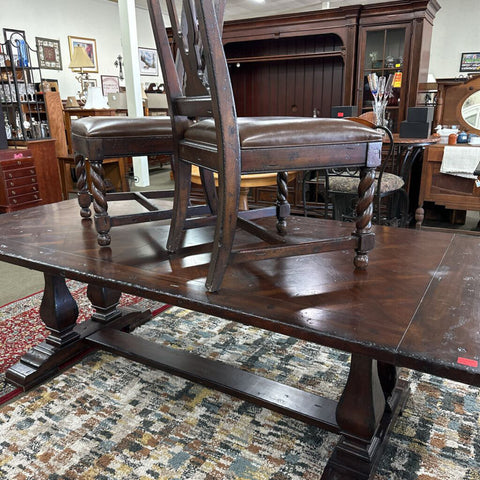 Dining Table w/6 Chairs & 2 Leaves (PADS)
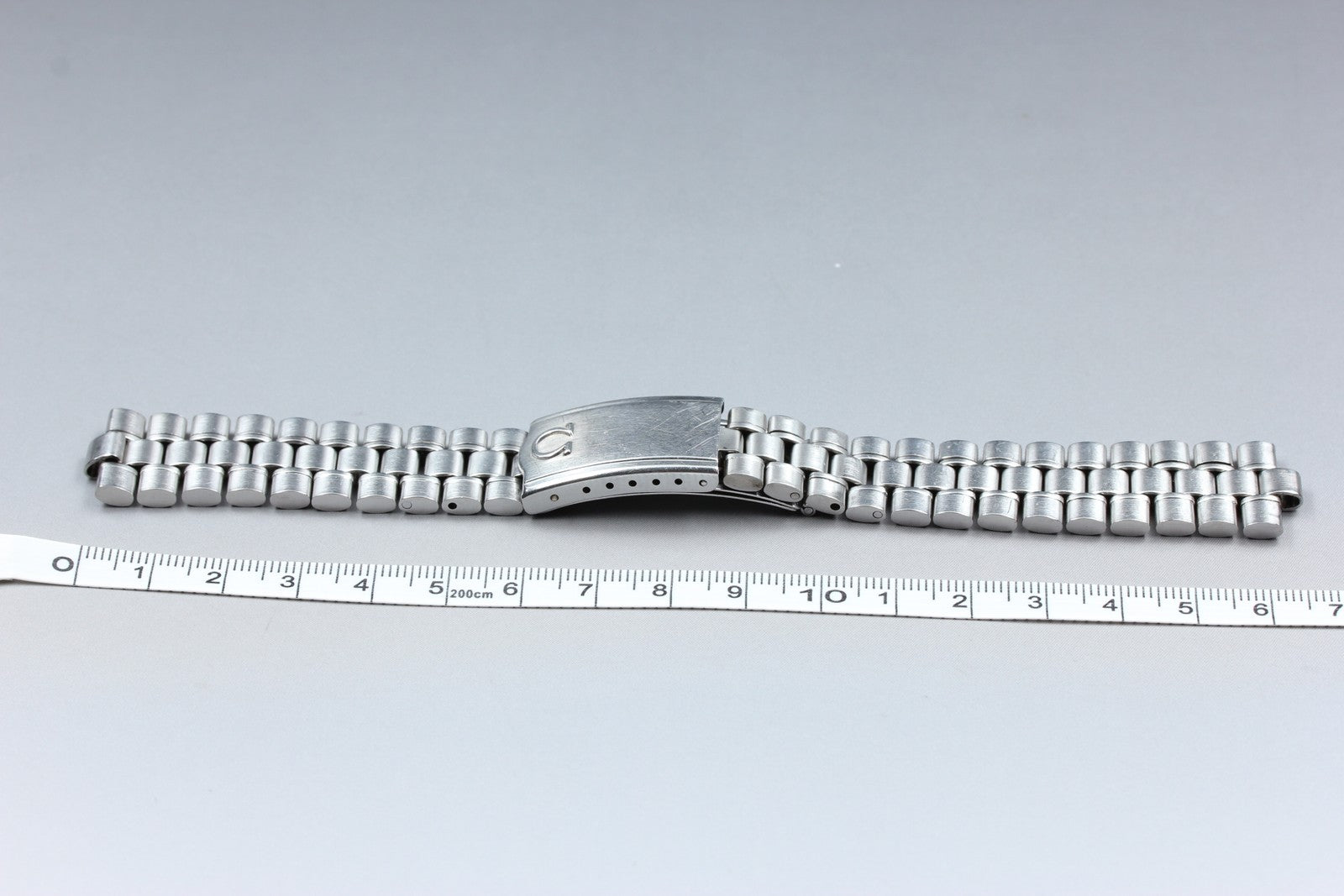 Near MINT OMEGA Bracelet 18mm FF582/1118 Stainless steel Silver Men's Vintage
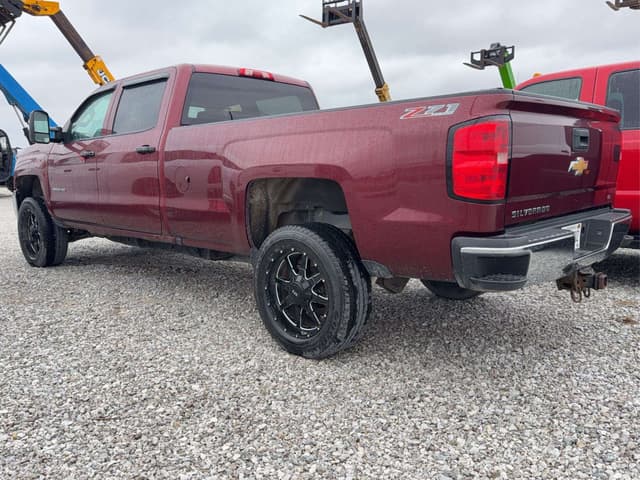 Image of Chevrolet 2500 equipment image 4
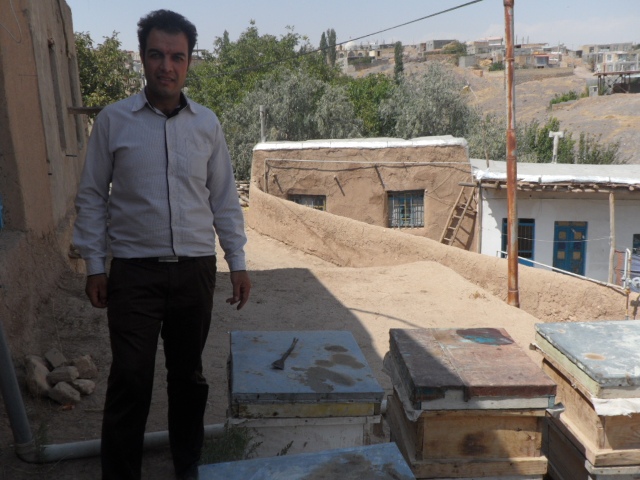 مردی از خطه خدابنده که در حیاط کوچک خانه خود اقتصاد مقاومتی را معنا کرد/دلالان حق ما را می خورند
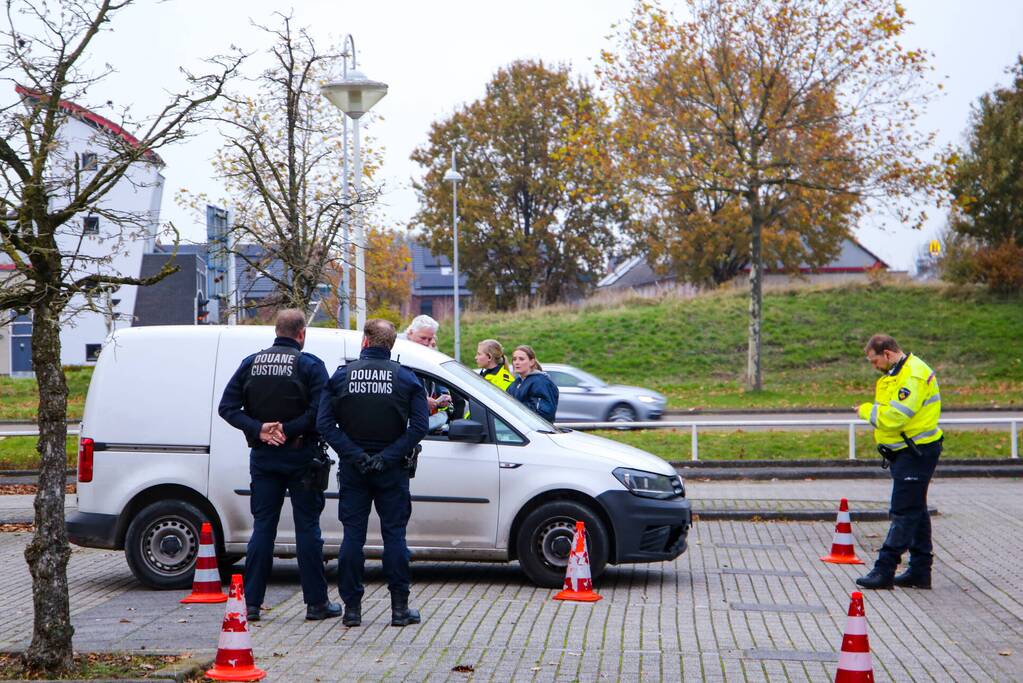 Politie houdt voertuigcontrole op parkeerplaats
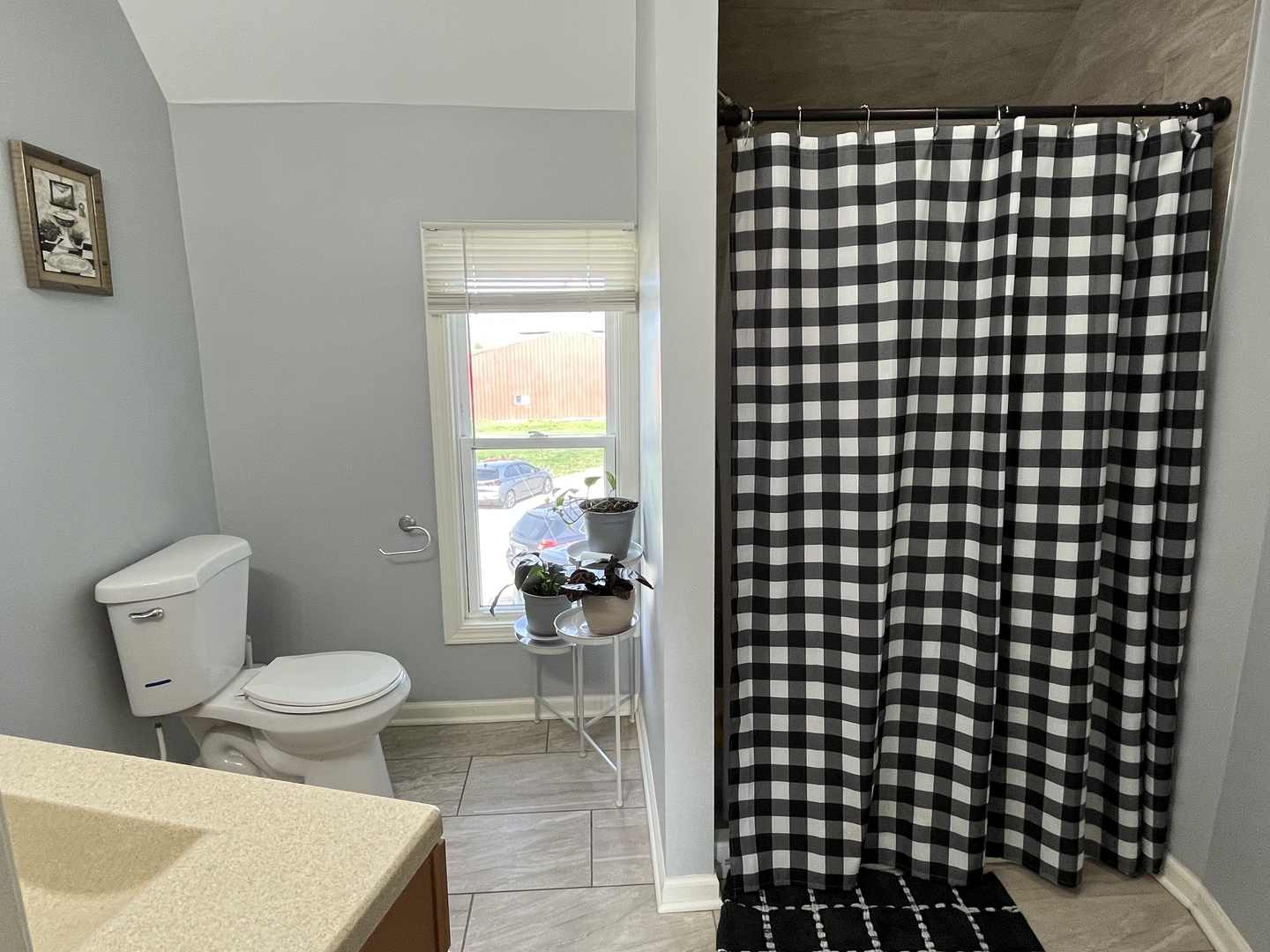 2990 Kane Road Leland, IL 60531 - Photo 17 of 42 a bathroom with a toilet and a shower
=-=-=-=-=
# What is required
Without including any pictures, reproduce the data exactly.

# Solution below
 Dining Table w/6 Chairs & 2 Leaves (PADS)
 Near MINT OMEGA Bracelet 18mm FF582/1118 Stainless steel Silver Men's Vintage
 Image of Chevrolet 2500 equipment image 4
 مردی از خطه خدابنده که در حیاط کوچک خانه خود اقتصاد مقاومتی را معنا کرد/دلالان حق ما را می خورند
 Politie houdt voertuigcontrole op parkeerplaats
 2990 Kane Road Leland, IL 60531 - Photo 17 of 42 a bathroom with a toilet and a shower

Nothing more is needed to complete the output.